International Finance Corporation (IFC), the financial arm of the World Bank Group, has proposed a $73 million funding for Singapore-domiciled chemical group Indorama Corporation’s Nigeria-based venture.
IFC might provide up to $64 million in A loan and up to $9 million in a concessional senior loan for Indorama Eleme Petrochemicals Limited (IEPL) in Port-Harcourt, Nigeria.
The planned financing is for the debottlenecking of IEPL’s olefins and polyolefins plant, including the installation of a new furnace that will expand production capacity, and two heat recovery steam generators (HRSG) to recover energy and improve steam reliability.
The blended finance co-investment “enhances the project economics and enables an investment in an HRSG technology that is not market practice in the country,” IFC said in its proposal dated March 19.
The level of subsidy provided by the blended concessional finance co-investment is estimated to be 3.4% of the total HRSG cost of $19.8 million, it added.
IEPL is the largest producer of polyolefins in West Africa and the second largest in Sub Saharan Africa, according to IFC.

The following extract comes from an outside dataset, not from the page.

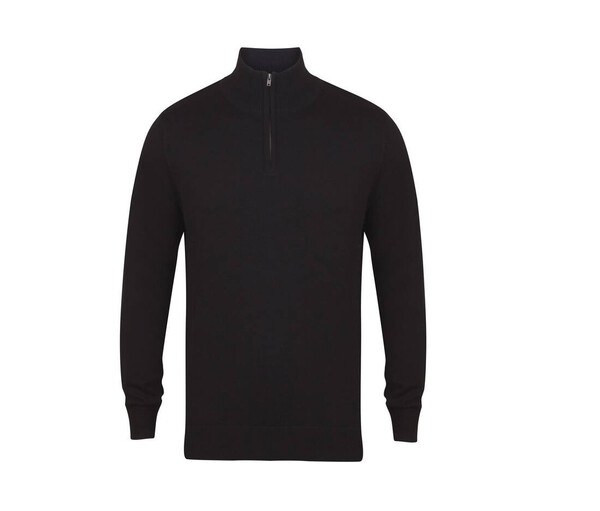 Henbury HY729 - Men's Soft Touch Zip Neck Sweater
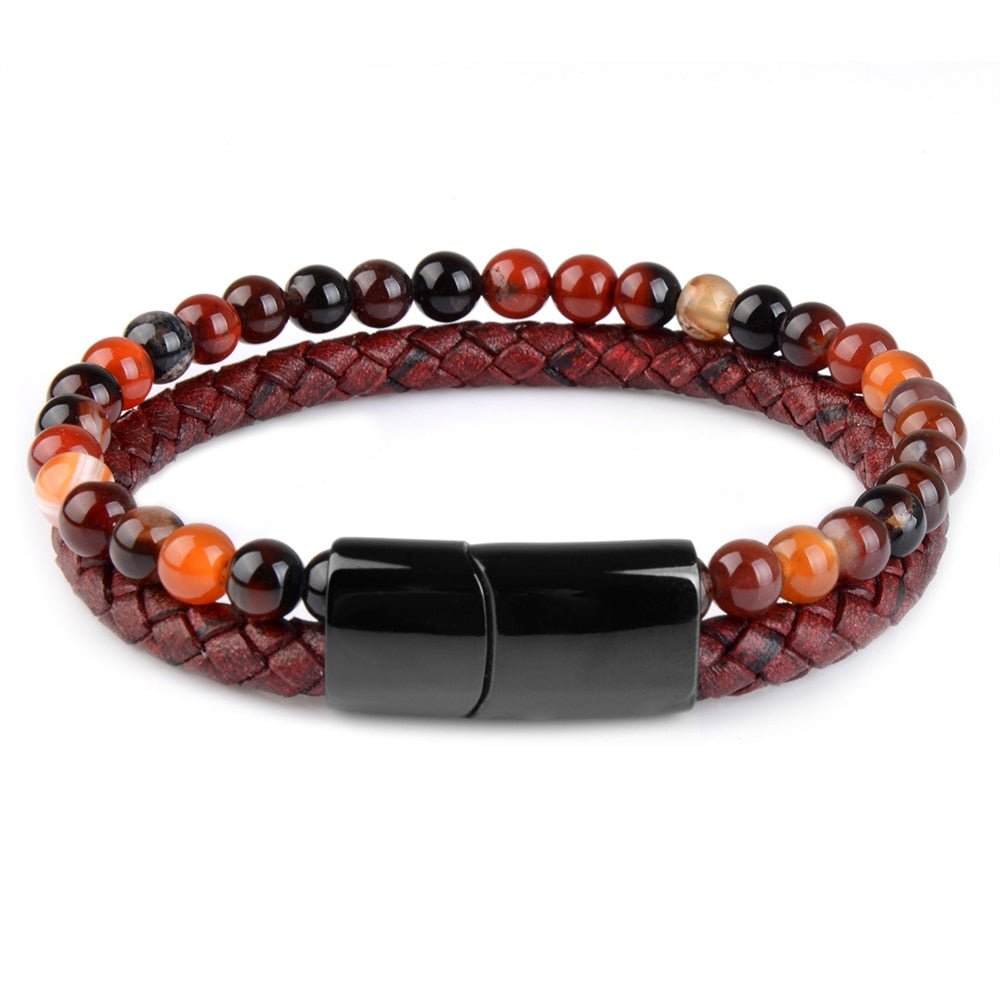 Natural Stone Bracelets Genuine Leather Braided Bracelets Black Stainless Steel Magnetic Clasp Tiger eye Bead Bangle Men Jewelry - Quid Mart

The business is 65% owned by Indorama Corporation, 10% owned by Nigerian National Petroleum Corporation, and the balance is held by Rivers State Government, Host Communities, the Nigerian Federal Government, and its employees.
Last year, IFC also proposed a $150 million loan to Indorama’s Thai unit Indorama Ventures Global Services Limited, as well as another $60 million loan to Indorama’s cotton farming initiatives in Uzbekistan.
Indorama was rooted in 1975 as Indorama Synthetics in Indonesia by ML Lohia and his son SP Lohia. The firm has over 20 manufacturing sites in eight countries manufacturing a multitude of products including nitrogen fertilisers, phosphate fertilisers, polyethylene, polypropylene, polyester, textiles, cotton fibre, and medical gloves.